▶ _DATA TO PROCESS_
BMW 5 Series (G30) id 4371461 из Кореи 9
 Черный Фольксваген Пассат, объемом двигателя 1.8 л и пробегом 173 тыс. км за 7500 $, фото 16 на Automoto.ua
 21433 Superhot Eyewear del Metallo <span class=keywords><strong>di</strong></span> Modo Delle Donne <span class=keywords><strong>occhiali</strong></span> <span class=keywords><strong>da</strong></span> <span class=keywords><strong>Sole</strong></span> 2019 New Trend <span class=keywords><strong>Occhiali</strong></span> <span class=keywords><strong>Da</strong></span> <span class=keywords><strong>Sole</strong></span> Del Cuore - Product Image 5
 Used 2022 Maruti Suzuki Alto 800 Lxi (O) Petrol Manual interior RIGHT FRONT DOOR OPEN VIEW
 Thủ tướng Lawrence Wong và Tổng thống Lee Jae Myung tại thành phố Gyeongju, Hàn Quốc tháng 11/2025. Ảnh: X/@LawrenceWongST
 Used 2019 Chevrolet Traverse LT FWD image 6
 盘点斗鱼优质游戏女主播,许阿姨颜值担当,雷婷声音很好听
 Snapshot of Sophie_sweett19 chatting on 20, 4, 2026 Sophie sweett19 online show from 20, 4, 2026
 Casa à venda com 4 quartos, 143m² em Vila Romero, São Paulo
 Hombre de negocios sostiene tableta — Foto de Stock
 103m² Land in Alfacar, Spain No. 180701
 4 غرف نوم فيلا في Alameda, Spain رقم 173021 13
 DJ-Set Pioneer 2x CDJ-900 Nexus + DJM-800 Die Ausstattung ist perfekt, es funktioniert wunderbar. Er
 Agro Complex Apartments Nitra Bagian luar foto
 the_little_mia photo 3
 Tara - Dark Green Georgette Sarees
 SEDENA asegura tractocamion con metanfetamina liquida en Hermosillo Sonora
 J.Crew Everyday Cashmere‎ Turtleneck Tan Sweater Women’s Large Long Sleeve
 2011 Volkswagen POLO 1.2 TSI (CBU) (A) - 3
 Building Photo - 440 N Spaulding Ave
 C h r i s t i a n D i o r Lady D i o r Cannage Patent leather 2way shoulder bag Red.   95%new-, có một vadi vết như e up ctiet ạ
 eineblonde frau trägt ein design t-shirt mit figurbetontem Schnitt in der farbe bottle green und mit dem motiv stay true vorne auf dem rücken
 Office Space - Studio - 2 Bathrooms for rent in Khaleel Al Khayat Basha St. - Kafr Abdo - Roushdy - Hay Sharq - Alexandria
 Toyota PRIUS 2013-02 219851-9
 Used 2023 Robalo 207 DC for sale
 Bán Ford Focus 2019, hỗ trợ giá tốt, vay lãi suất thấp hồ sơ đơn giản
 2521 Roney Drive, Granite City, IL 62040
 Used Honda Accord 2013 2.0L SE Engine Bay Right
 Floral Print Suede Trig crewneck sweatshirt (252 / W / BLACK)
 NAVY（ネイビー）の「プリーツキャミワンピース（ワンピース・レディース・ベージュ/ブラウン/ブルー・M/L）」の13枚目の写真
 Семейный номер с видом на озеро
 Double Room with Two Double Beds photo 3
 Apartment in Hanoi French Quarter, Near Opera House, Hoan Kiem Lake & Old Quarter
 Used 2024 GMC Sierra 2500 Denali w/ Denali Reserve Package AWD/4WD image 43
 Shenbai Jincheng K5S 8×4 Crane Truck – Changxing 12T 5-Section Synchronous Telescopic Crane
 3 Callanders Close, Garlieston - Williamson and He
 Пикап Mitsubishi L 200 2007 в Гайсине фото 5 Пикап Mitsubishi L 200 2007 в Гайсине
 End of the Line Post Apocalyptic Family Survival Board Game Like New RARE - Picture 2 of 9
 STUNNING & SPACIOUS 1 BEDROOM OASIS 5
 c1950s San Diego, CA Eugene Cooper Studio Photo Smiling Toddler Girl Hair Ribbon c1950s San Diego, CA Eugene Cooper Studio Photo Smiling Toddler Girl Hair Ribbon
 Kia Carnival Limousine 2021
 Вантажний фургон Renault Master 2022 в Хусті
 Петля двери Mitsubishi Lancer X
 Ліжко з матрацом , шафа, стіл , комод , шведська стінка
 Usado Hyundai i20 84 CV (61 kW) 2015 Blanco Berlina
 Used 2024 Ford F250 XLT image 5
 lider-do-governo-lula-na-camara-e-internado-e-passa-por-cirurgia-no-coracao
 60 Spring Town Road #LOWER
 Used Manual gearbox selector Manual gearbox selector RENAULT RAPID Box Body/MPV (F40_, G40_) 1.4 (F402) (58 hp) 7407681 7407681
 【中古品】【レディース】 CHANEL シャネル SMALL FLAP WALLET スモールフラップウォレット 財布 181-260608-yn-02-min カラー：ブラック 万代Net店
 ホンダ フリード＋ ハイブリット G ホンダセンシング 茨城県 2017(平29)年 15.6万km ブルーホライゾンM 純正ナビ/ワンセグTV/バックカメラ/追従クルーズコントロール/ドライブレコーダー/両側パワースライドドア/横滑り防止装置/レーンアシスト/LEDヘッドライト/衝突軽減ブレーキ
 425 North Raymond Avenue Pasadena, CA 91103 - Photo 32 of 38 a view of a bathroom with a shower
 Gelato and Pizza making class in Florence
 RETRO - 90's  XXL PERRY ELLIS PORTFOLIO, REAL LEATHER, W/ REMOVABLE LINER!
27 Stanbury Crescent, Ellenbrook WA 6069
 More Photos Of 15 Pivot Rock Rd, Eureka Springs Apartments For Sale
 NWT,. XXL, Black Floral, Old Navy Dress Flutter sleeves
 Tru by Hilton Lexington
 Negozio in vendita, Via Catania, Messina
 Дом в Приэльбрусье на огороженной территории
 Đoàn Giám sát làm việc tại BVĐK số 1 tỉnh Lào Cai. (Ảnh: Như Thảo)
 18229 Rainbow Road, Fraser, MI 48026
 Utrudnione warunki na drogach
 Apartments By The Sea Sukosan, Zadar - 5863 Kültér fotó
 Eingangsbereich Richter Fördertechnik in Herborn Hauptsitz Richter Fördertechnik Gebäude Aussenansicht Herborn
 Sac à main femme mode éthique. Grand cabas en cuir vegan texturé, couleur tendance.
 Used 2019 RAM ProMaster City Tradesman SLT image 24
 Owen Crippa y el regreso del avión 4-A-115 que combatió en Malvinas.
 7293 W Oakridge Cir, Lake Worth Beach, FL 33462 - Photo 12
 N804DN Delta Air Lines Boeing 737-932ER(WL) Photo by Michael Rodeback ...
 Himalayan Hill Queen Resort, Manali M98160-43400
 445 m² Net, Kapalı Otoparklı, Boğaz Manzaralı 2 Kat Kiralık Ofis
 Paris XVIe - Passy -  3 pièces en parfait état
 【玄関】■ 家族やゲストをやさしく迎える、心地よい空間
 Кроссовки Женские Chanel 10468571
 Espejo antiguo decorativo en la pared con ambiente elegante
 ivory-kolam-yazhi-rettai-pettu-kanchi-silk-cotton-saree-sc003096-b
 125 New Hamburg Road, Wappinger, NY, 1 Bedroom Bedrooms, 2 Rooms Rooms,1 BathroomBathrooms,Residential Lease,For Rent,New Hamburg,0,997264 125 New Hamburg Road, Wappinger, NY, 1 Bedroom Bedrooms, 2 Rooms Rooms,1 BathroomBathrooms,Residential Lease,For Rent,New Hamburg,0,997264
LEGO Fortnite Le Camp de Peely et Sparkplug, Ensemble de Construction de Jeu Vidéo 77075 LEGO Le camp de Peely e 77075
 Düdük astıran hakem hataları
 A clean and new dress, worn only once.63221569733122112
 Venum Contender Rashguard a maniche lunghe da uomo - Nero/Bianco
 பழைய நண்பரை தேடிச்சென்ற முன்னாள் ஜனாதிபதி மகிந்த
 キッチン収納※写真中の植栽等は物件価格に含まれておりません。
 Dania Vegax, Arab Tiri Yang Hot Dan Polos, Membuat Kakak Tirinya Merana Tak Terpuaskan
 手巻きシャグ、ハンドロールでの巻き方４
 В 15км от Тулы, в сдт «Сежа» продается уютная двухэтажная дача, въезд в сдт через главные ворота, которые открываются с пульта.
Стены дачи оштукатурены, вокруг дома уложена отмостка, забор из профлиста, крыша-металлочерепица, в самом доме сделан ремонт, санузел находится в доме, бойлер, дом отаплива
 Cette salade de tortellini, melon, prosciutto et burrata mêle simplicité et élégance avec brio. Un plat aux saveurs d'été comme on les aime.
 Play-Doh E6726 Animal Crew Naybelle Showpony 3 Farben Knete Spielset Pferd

▶ _WHAT TO DO_
Take the lines above from the one containing "Toyota PRIUS 2013-02 219851-9" down to the one containing "60 Spring Town Road #LOWER", and transcribe them exactly, both ends included.

▶ _EXERCISE SOLUTION_
 Toyota PRIUS 2013-02 219851-9
 Used 2023 Robalo 207 DC for sale
 Bán Ford Focus 2019, hỗ trợ giá tốt, vay lãi suất thấp hồ sơ đơn giản
 2521 Roney Drive, Granite City, IL 62040
 Used Honda Accord 2013 2.0L SE Engine Bay Right
 Floral Print Suede Trig crewneck sweatshirt (252 / W / BLACK)
 NAVY（ネイビー）の「プリーツキャミワンピース（ワンピース・レディース・ベージュ/ブラウン/ブルー・M/L）」の13枚目の写真
 Семейный номер с видом на озеро
 Double Room with Two Double Beds photo 3
 Apartment in Hanoi French Quarter, Near Opera House, Hoan Kiem Lake & Old Quarter
 Used 2024 GMC Sierra 2500 Denali w/ Denali Reserve Package AWD/4WD image 43
 Shenbai Jincheng K5S 8×4 Crane Truck – Changxing 12T 5-Section Synchronous Telescopic Crane
 3 Callanders Close, Garlieston - Williamson and He
 Пикап Mitsubishi L 200 2007 в Гайсине фото 5 Пикап Mitsubishi L 200 2007 в Гайсине
 End of the Line Post Apocalyptic Family Survival Board Game Like New RARE - Picture 2 of 9
 STUNNING & SPACIOUS 1 BEDROOM OASIS 5
 c1950s San Diego, CA Eugene Cooper Studio Photo Smiling Toddler Girl Hair Ribbon c1950s San Diego, CA Eugene Cooper Studio Photo Smiling Toddler Girl Hair Ribbon
 Kia Carnival Limousine 2021
 Вантажний фургон Renault Master 2022 в Хусті
 Петля двери Mitsubishi Lancer X
 Ліжко з матрацом , шафа, стіл , комод , шведська стінка
 Usado Hyundai i20 84 CV (61 kW) 2015 Blanco Berlina
 Used 2024 Ford F250 XLT image 5
 lider-do-governo-lula-na-camara-e-internado-e-passa-por-cirurgia-no-coracao
 60 Spring Town Road #LOWER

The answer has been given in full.